§ Task item
Copy the data exactly as it appears, and do not include any pictures.

§ Material provided

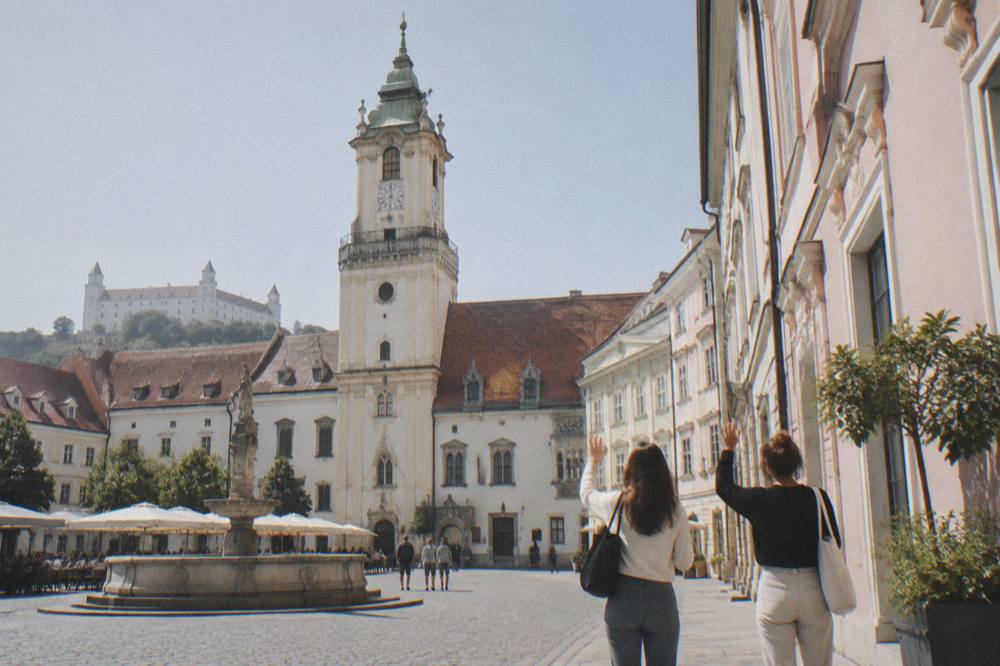 Two friends waving in greeting beside a pastel building facade in Bratislava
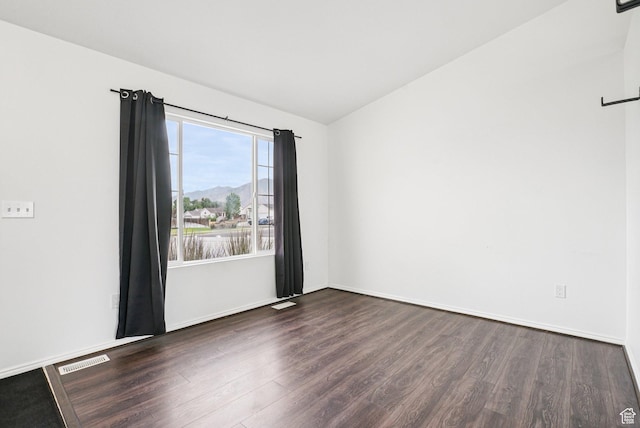 468 E Lindy Way N, Tooele, UT 84074 - unfurnished room featuring dark wood finished floors and lofted ceiling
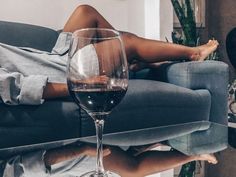 a woman laying on a couch next to a glass of wine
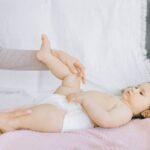 Seborrheic Dermatitis in Infants - A tender moment with a baby receiving a gentle massage on a bed.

§ Response to this task
 Two friends waving in greeting beside a pastel building facade in Bratislava
 468 E Lindy Way N, Tooele, UT 84074 - unfurnished room featuring dark wood finished floors and lofted ceiling
 a woman laying on a couch next to a glass of wine
 Seborrheic Dermatitis in Infants - A tender moment with a baby receiving a gentle massage on a bed.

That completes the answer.